17.07.2018

Immobilienpreise: Häuser und Wohnungen werden immer teurer

Rahmenbedingungen für Immobilienkauf haben sich verschlechtert

Häuser und Wohnungen werden immer teurer, auch im vergangenen Jahr setzte sich der Preisauftrieb unvermindert fort. Das zeigen aktuelle Finanztest-Daten. Im vierten Quartal 2017 mussten Käufer von Eigentumswohnungen durchschnittlich 7 Prozent mehr zahlen als im Jahr zuvor. In Berlin, Frankfurt am Main, Hamburg, Köln und Stuttgart fiel der prozentuale Zuwachs sogar zweistellig aus.

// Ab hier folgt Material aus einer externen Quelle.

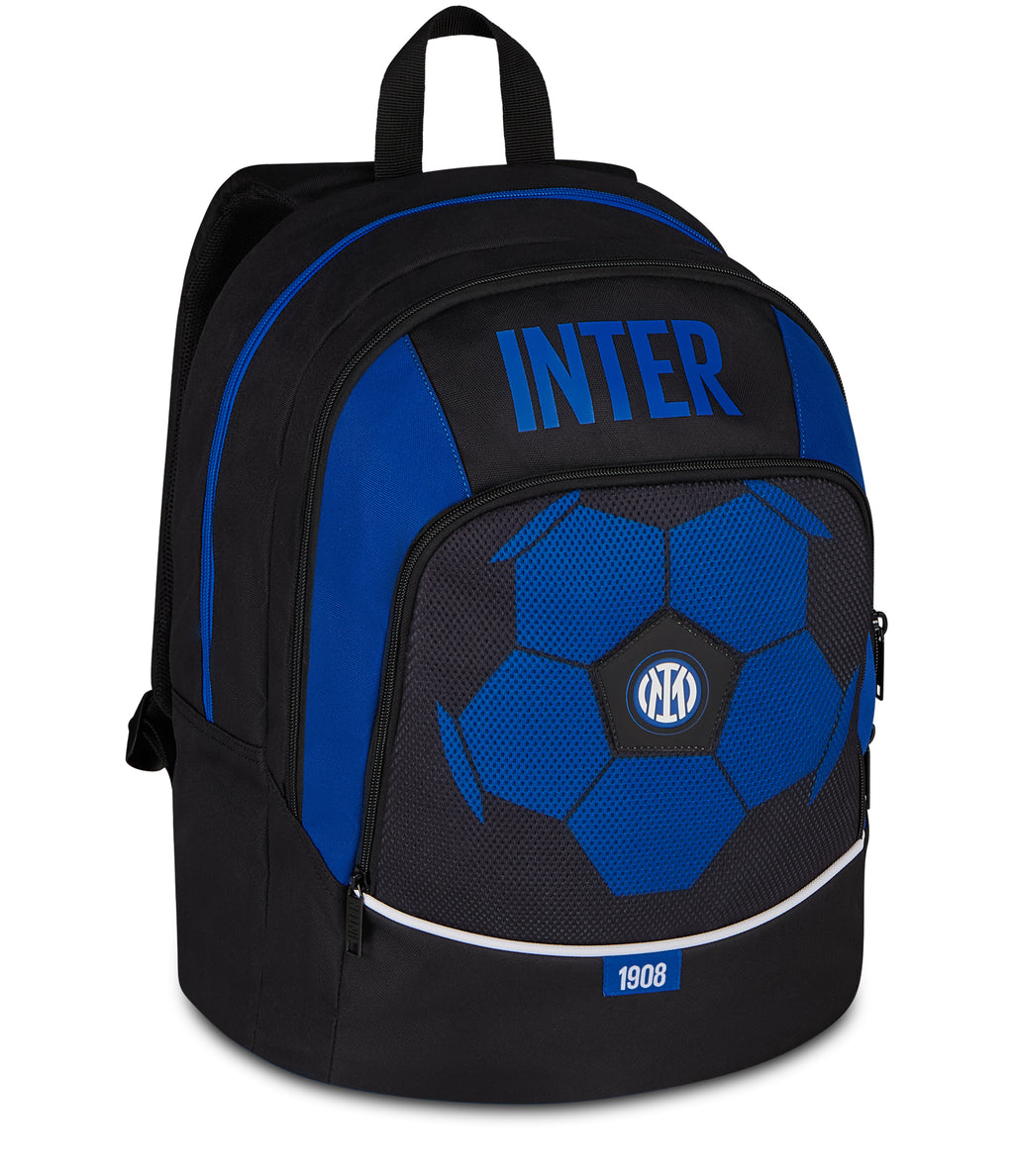 Inter Zaino Advanced Our Destiny - Immagine 4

Eigentumswohnungen in einem NeubaugebietBild größer anzeigen

Mieten oder kaufen? In Großstädten müssen Immobilienkäufer inzwischen genau rechnen

Foto: aktion pro eigenheim

Die Zeitschrift Finanztest veröffentlicht in ihrer August-Ausgabe die detaillierten Immobilienpreise und Mieten für 115 Städte und Kreise, die das Forschungsinstitut vdpResearch auf Basis realer Kauf- und Mietverträge ermittelt hat. Auch die Mieten sind im vergangenen Jahr erneut gestiegen – bundesweit allerdings nur halb so stark wie die Kaufpreise. Ähnlich war es schon in den Vorjahren. Die Kaufpreise laufen den Mieten daher immer mehr davon, vor allem in Groß- und Universitätsstädten.

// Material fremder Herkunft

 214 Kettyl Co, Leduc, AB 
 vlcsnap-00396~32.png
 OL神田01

Immobilienkauf in Großstädten gut durchrechnen!
Um zu beurteilen, ob sich angesichts dieser Entwicklung der Kauf noch lohnt, empfiehlt Finanztest einen genauen Blick auf das Kaufpreis-Miete-Verhältnis. Übersteigt der Kaufpreis das 25-Fache der Jahresmiete, rechnet sich der Kauf nur noch, wenn der Wert der Immobilie weiter steigt. Mehr als das 30-Fache sollten Käufer auch in Großstädten nicht akzeptieren.Auch wenn sich die Rahmenbedingungen insgesamt verschlechtert haben, kann sich der Kauf in einigen Lagen laut Finanztest dennoch lohnen – niedrige Zinsen und genug Eigenkapital vorausgesetzt.

Immobilienpreise in Großstädten im 10-Jahresvergleich
Auch ein 10-Jahresvergleich der Immobilienpreise der 14 größten Städte von immowelt.de zeigt: In München sind die Kaufpreise seit 2008 um 141 Prozent gestiegen, so viel wie in keiner anderen Stadt. In Berlin, Hamburg und Stuttgart haben sich die Preise mindestens verdoppelt. In Essen und Dortmund dagegen ist Wohneigentum nur minimal teurer als vor 10 Jahren. Im Kommen sind dagegen einige ostdeutsche Städte: Vor 10 Jahren waren Leipzig und Dresden noch günstiger. Nach Steigerungen von mehr als 70 Prozent sind beide nun an den Ruhrgebiet-Städten vorbeigezogen und befinden sich bei Kaufpreisen von rund 2.000 Euro pro Quadratmeter.